RECORDED DATA: Begin

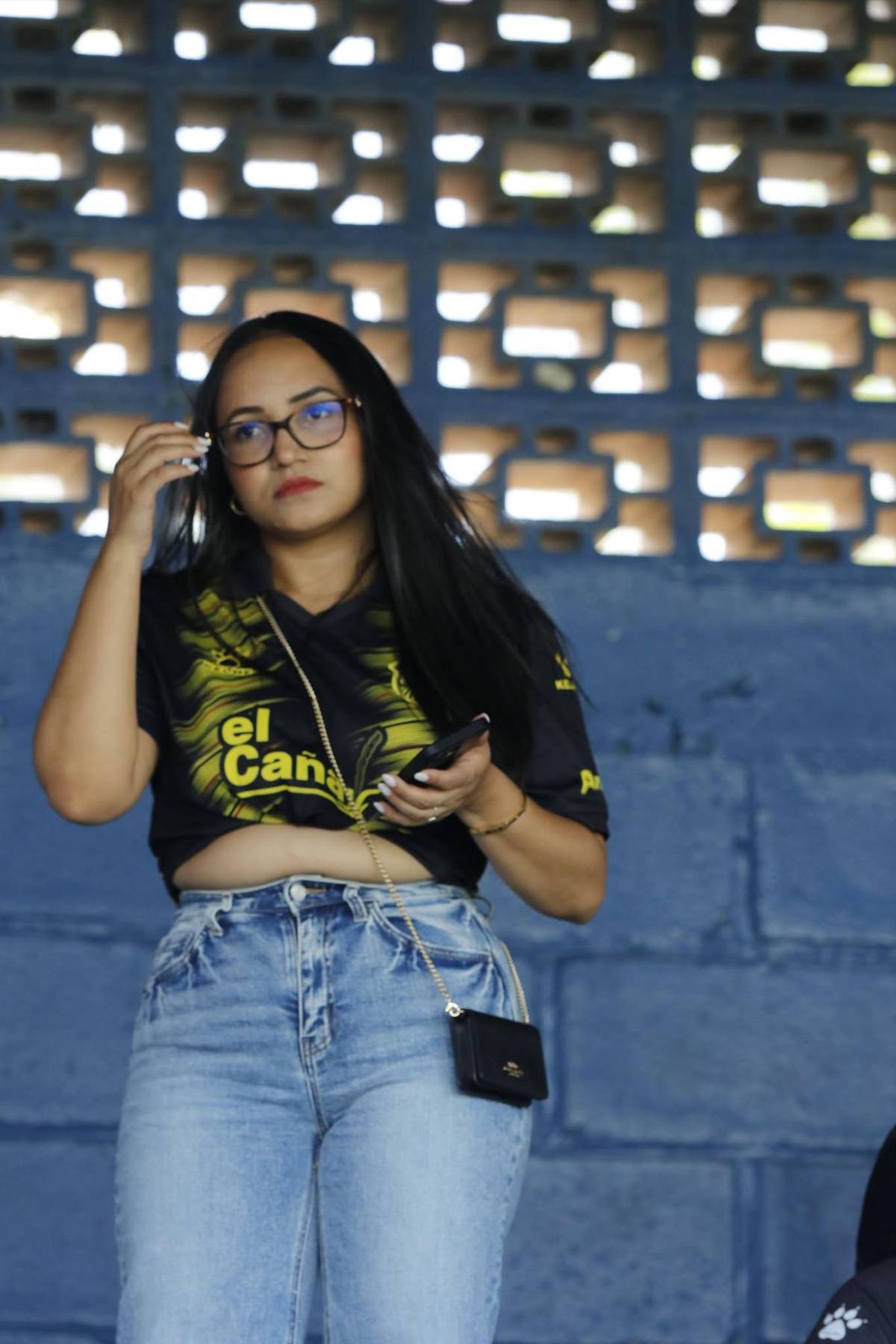 ¿Por qué tan solitas? Las bellas motagüenses que enamoraron, la periodista en cancha y la chelita bella en gradas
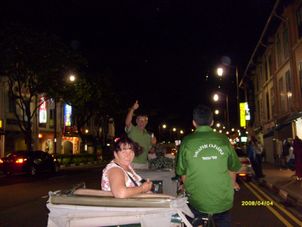Trishaw Tour Trishaw Ride and Dinner in Singapore's Chinatown plus Bumboat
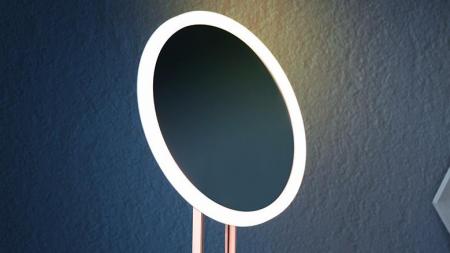 The emergence of LED makeup mirrors has brought great convenience to beauty enthusiasts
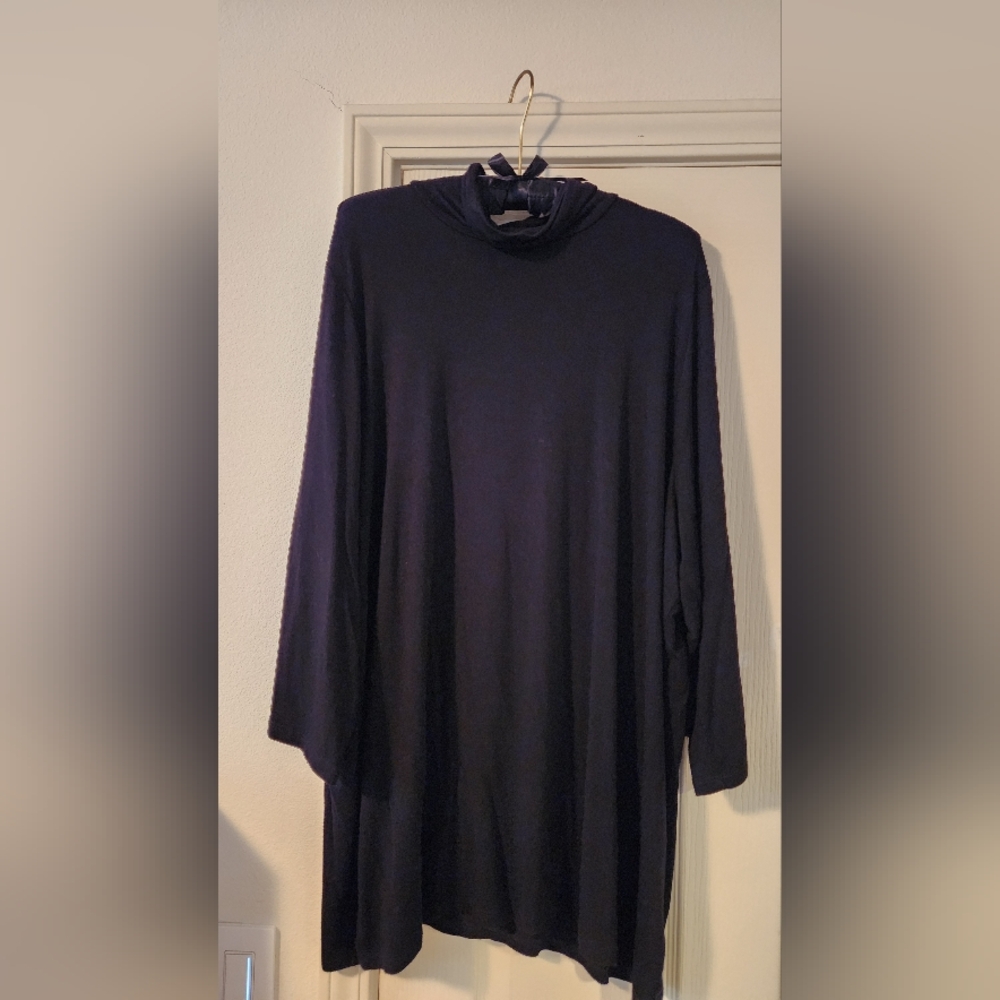 Torrid Super Soft Black Mock/Cowl TurtleNeck Tunic 3/4 Sleeve Size 3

RECORDED DATA: End

* EXERCISE DIRECTIONS
Transcribe exactly, and without any pictures, each line from the one that holds "The emergence of" through the final line of the material above.

* EXERCISE ANSWER
 The emergence of LED makeup mirrors has brought great convenience to beauty enthusiasts
 Torrid Super Soft Black Mock/Cowl TurtleNeck Tunic 3/4 Sleeve Size 3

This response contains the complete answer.